Anti-Alzheimer's gene may have led to the rise of grandparents


    The research group of University of California, San Diego studied CD33, a gene that controls the body’s inflammatory and immune response. There are two variants of the gene, one predisposes a person to late-onset Alzheimer's disease (LOAD) while the other variant protects against it. To learn more about the gene’s lineage, they compared how prevalent the two variants were in human and chimpanzees, and discovered that both have similar amounts of the damaging version of CD33 even though primates do not seem to show the complete pathology of LOAD; however, the protective version is four times higher in humans, which might be compensatory to restore altered functions in humans. They also looked at the frequency of the protective version of CD33 in the 1000 Genomes Project, a database of human genetic variants of populations across the globe, and reveals the protective allele is found in a variety of ethnicities. Finally, they studied other genes that thought to protect against cognitive decline and vascular dementia in postreproductive humans and discovered that these variants also occur across ethnicities and were only found in humans (Burton, 2015; Schwarz et al., 2015).

Figure 1. PET scan showing the difference of brain structure between a normal older adult and an older adult with Alzheimer's disease.

Image courtesy of Wikimedia Commons via the National Institute on Aging.

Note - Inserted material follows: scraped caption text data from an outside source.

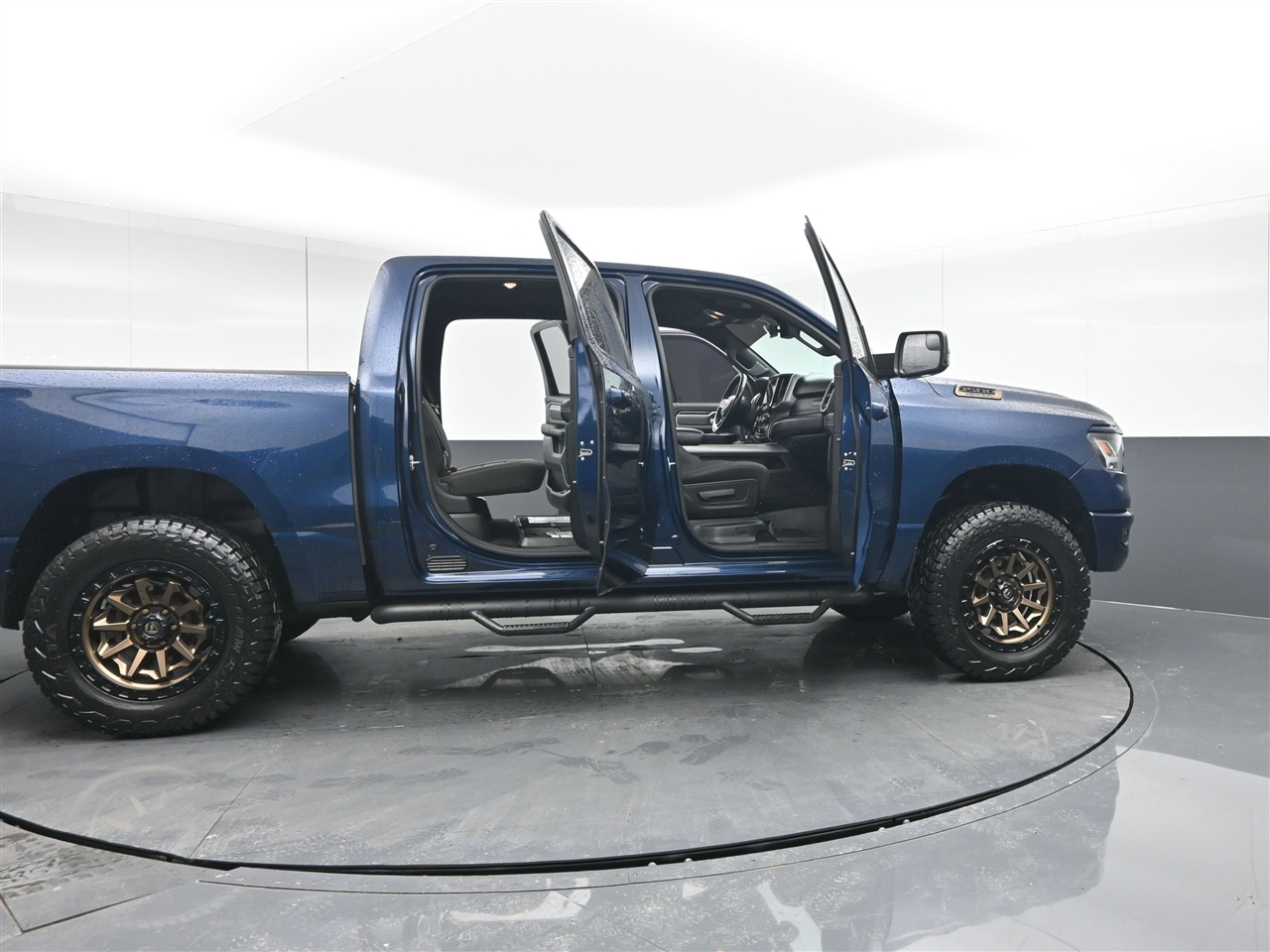 RAM 1500 Big Horn Crew Cab SWB 4WD 2020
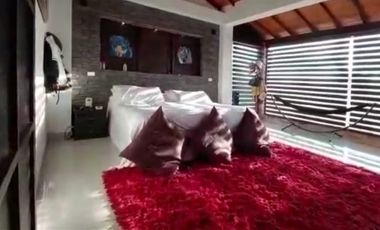 VENTA  DE CASA CAMPESTRE EN ALTOS DE RUITOQUE, 1.120 M2
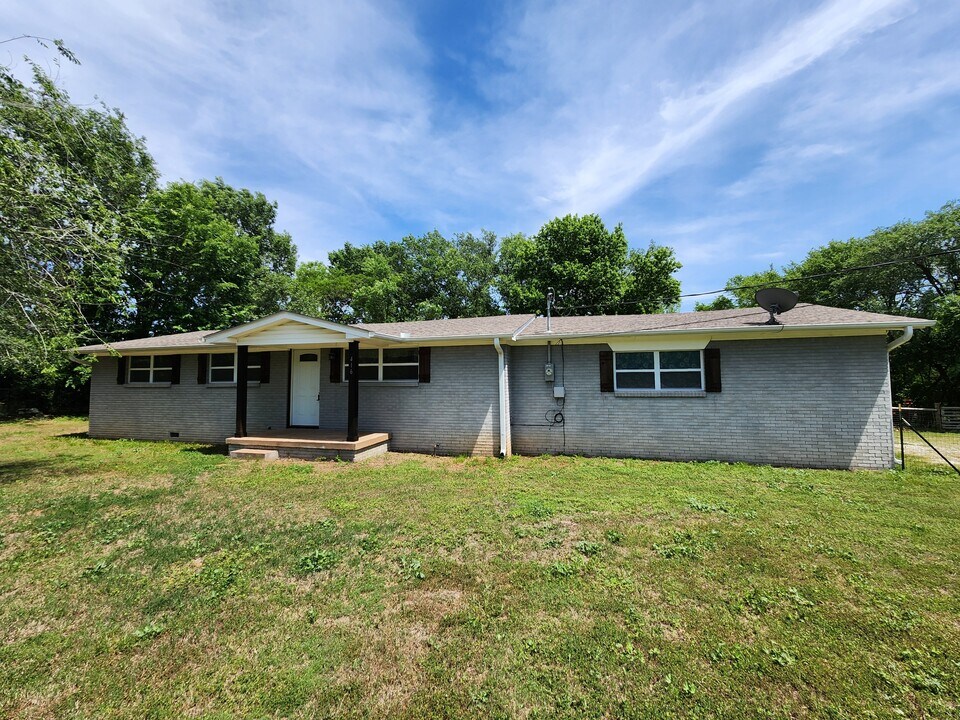 416 S Main St in Ada, OK - Building Photo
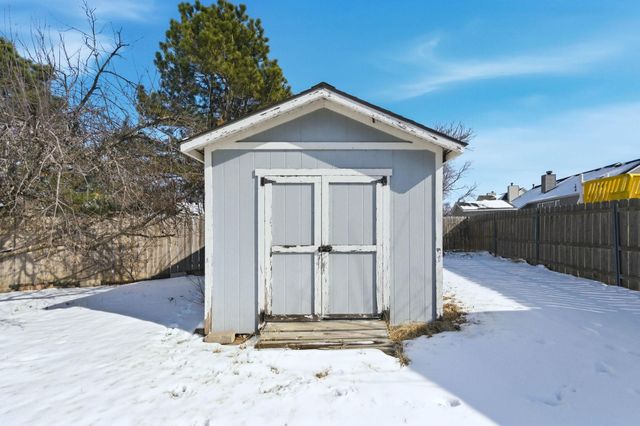 2629 N Beacon Hill Ct, Wichita, KS 67220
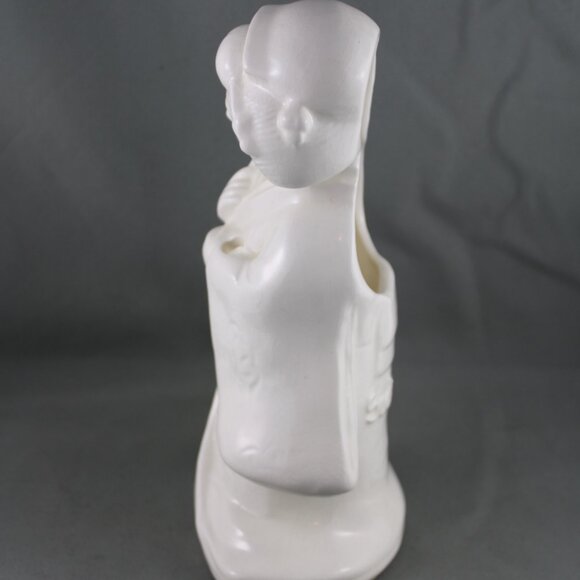 8 inch tall Benihana Mug - Geisha with Fan Kobe - Ceramic Mug - Picture 6 of 10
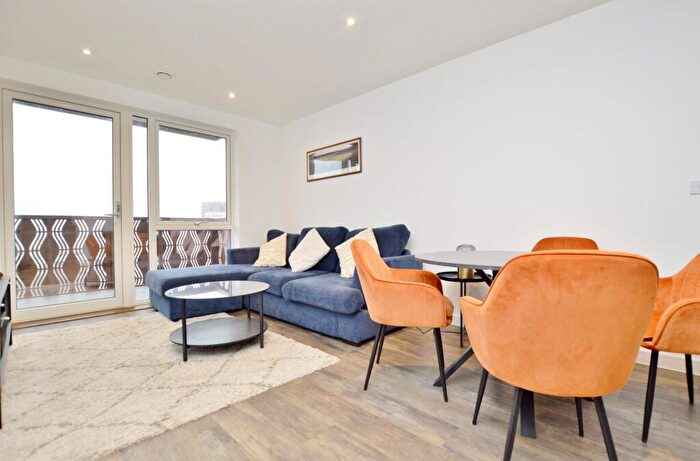 1 Bedroom Flat For Sale In Drydock Square, Barking, IG11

Testing Hypothesis vs. Discovery Science    

    The research group arrived at their findings accidentally. They were studying the contribution of CD33 as an immunoregulatory receptor to Alzheimer's dementia and realized that our closest evolutionary relatives do not seem to suffer from the same type of cognitive decline, so they decided to compare the allelic state of CD33 in human and nonhuman primates and discovered that the protective variant of CD33 is derived and unique to human. After the discovery, they went on to study other alleles to see if the same pattern can be discerned (Schwarz et al., 2015).

Genomics Technology

    The research group performed genotyping to identify single nucleotide polymorphisms (SNPs) in the promoter region of CD33. They then retrieved human genomes from the 1000 Genomes Project and primate genomes from the Great Ape Genome and looked for the frequency of the protective allele of CD33 in both samples; they also analyzed the Neanderthal and Denisovan genomes. Additionally, they performed a polymorphism test at each gene and its surrounding region to identify patterns of polymorphism for each population and region (Burton, 2015; Schwarz et al., 2015). 

Take Home Message

    Late-onset Alzheimer's disease is considered to be unique to humans since postmortem brain samples reveal that chimpanzees and other great apes do not have the complete pathology of LOAD. This study shows that even though humans are more susceptible to particular neurodegenerative diseases, protective alleles are derived in humans to counteract and help restore some functions. Furthermore, since the protective allele is derived in humans, the study suggests that the protective variant probably evolved after humans first separated from our primate ancestors, and possibly after our common ancestor with Neanderthal and Denisovans approximately 550,000—765,000 years ago (Schwarz et al., 2015). 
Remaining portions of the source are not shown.